= Gomaa Frahat =

Egyptian cartoonist (1941–2021)

Gomaa Frahat, known as Gomaa, (April 24, 1941 – September 24, 2021) was an Egyptian political cartoonist and satirist.

==Biography==
Gomaa was born on April 24, 1941, in Cairo.

He worked at Rose Alyoussef and Sabah El Kher until July 1999. He also painted for 'Maged' the Emiraty children's magazine from 1972 till 1979. Most of the Egyptian opposition newspapers have published him, such as Al Shaab, Al Ahrar, Al Ahaly, Al Wafd, and Al Araby.

He published in:
- Al Ahram (Local Daily edition)
- Al Ahram Al Mesaee
- Al Ahram weekly.
- Al Fagr

He had an agent in New York, Cartoonists and Writers Syndicate (CWS) who published his work in more than 120 American newspapers and magazines and in about 25 European and Asian magazines and newspapers. Most of the international newspapers, such as the International Herald Tribune, English Times, El Luvracion, Canadian Gazette, and more, have published his works.

Some of his works are in exhibits at the German museum in Bonn and the International Museum for Caricatures in Florida.

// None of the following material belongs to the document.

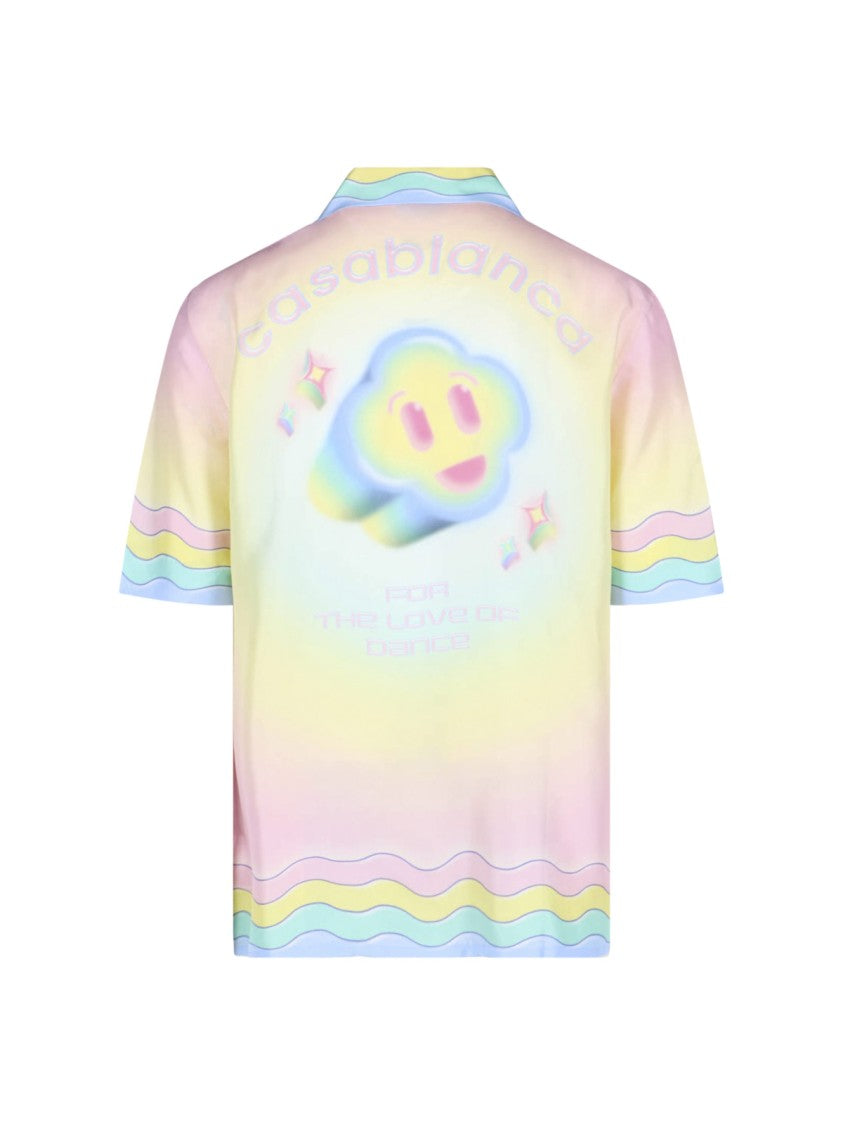 Casablanca Multicolor For The Love Of Dance Silk Shirt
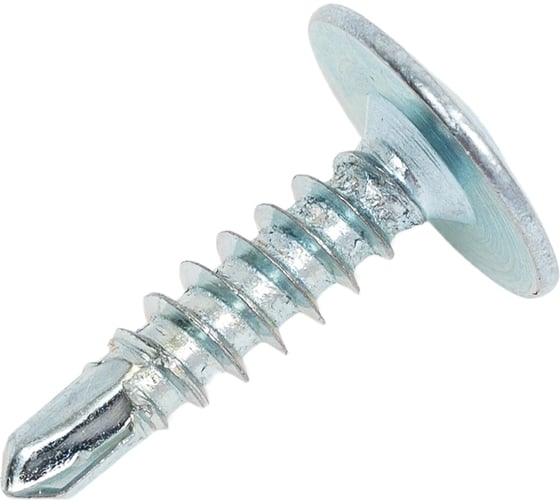 Изображение товара Саморез КВАДРА пресс-шайба, со сверлом, 4.2x16 цинк, кор. 1000 шт. 420164100001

He had his own show on the Nile News channel called "With Gomaa Every Friday", which he presented, showing cartoons from all over the world and its reaction towards the current events, whether international, Arab or national.

==Exhibitions==

He had his own exhibition in Damascus, Syria, in 1998. His works were also presented in European exhibitions in Bulgaria, Yugoslavia and Czechoslovakia. He was attributed in group exhibitions in Arab countries such as Tunisia, Libya, Yemen and Dubai. He was also attributed in group exhibitions all over Egypt.

==Awards==

- The Journalists' Union for both 1985 and 1989
- Award-winning for the Mustafa Amin and Ali Amin for the best Egyptian caricature for the year (1999)

==Other==

A member of the board of the Egyptian Caricature Union since 1984.